## [Data below]
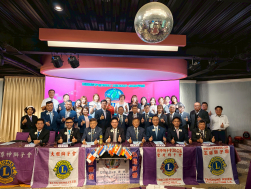 2026/3/17第八專區第18.19分區第二次分區顧問會議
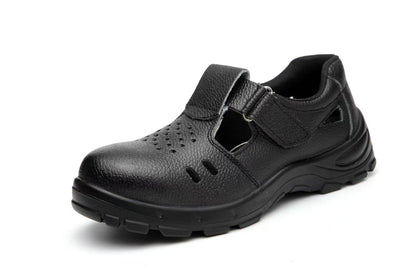 Breathable Safety Sandals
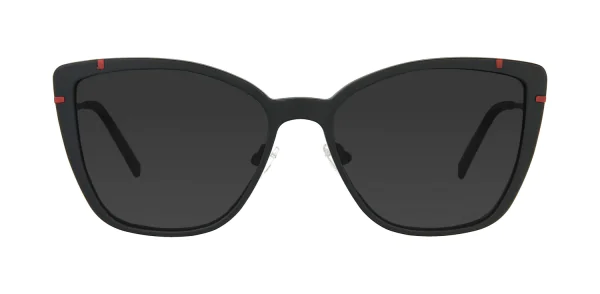 Oprawa z nakładką clip-on TONNY 48361C2-CL1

## [Exercise requirements]
Repeat the material above word for word, please, apart from its images.

## [Answer box]
 2026/3/17第八專區第18.19分區第二次分區顧問會議
 Breathable Safety Sandals
 Oprawa z nakładką clip-on TONNY 48361C2-CL1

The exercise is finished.